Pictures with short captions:
□ □ □ □

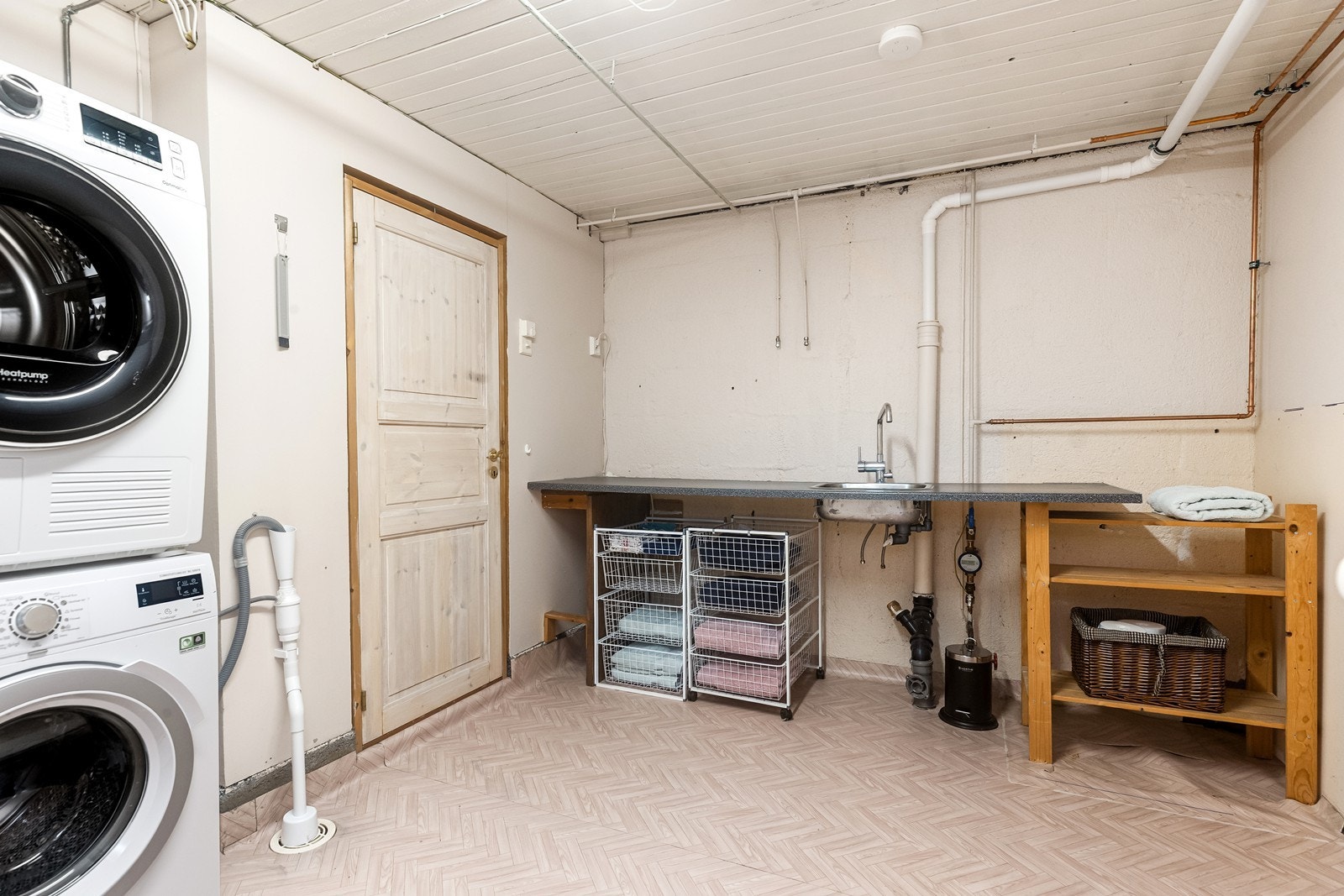 Praktisk vaskerom med god benkeplass og opplegg for vaskemaskin og tørketrommel. Galleribilde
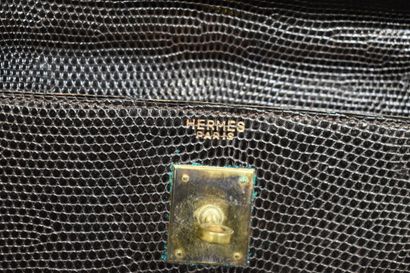 HERMES. Modèle Kelly sellier. Sac à main...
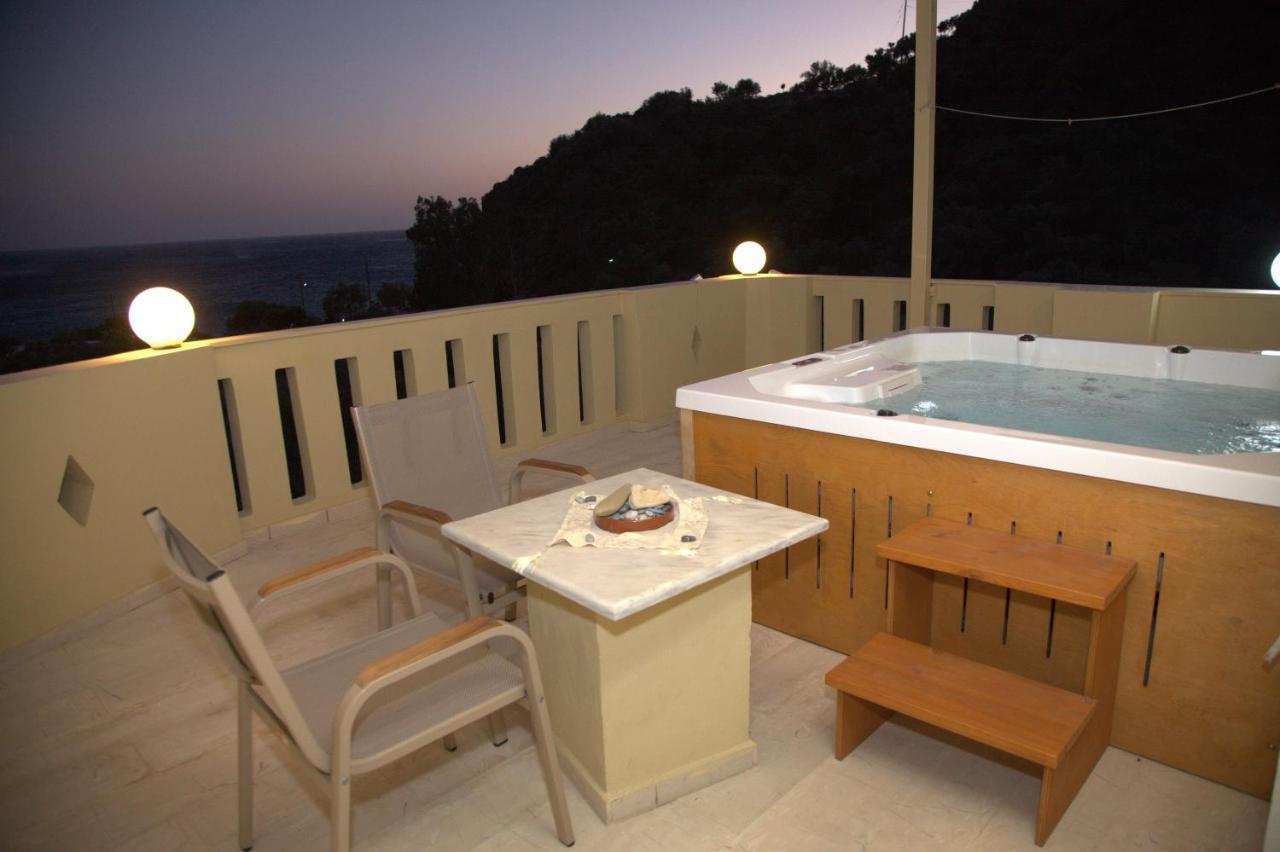 Sunrise Hotel & Apartments Rodhákinon Dış mekan fotoğraf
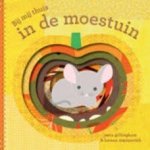Gillingham, Sara en Lorena Siminovich - Bij mijn thuis in de moestuin (karton met vilten vingerpopje) Gillingham, Sara en Lorena Siminovich - Bij mijn thuis in de moestuin (karton met vilten vingerpopje)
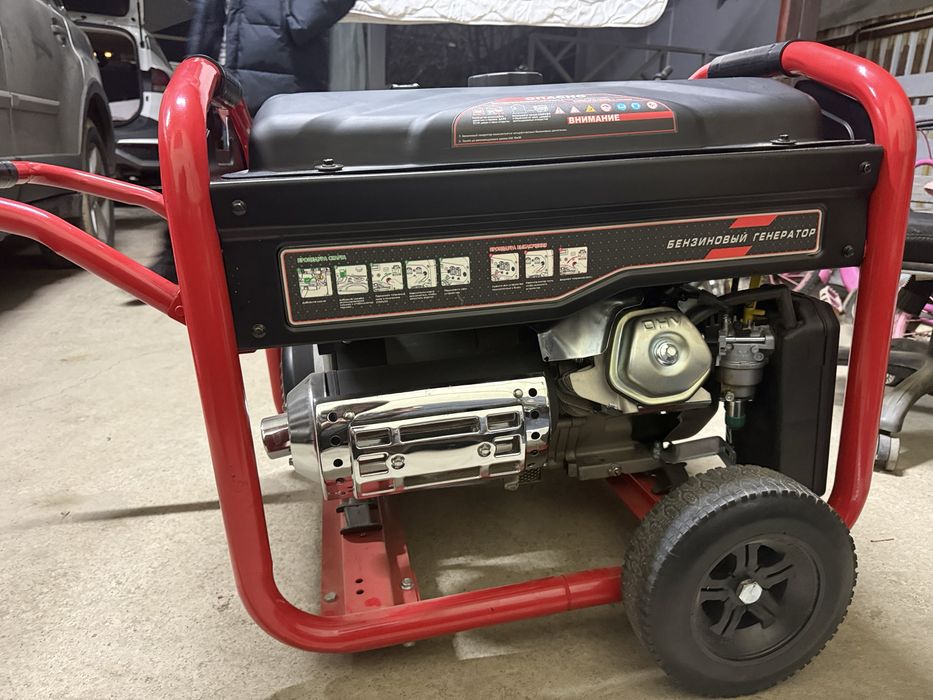 Продам бензиновый генератор магнетта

□ □ □ □

▶ The problem
Quote exactly, and only, the lines from the line containing "vingerpopje) Gillingham, Sara" through the final line of the records above, both included, omitting any pictures.

▶ Answer for the task
Gillingham, Sara en Lorena Siminovich - Bij mijn thuis in de moestuin (karton met vilten vingerpopje) Gillingham, Sara en Lorena Siminovich - Bij mijn thuis in de moestuin (karton met vilten vingerpopje)
 Продам бензиновый генератор магнетта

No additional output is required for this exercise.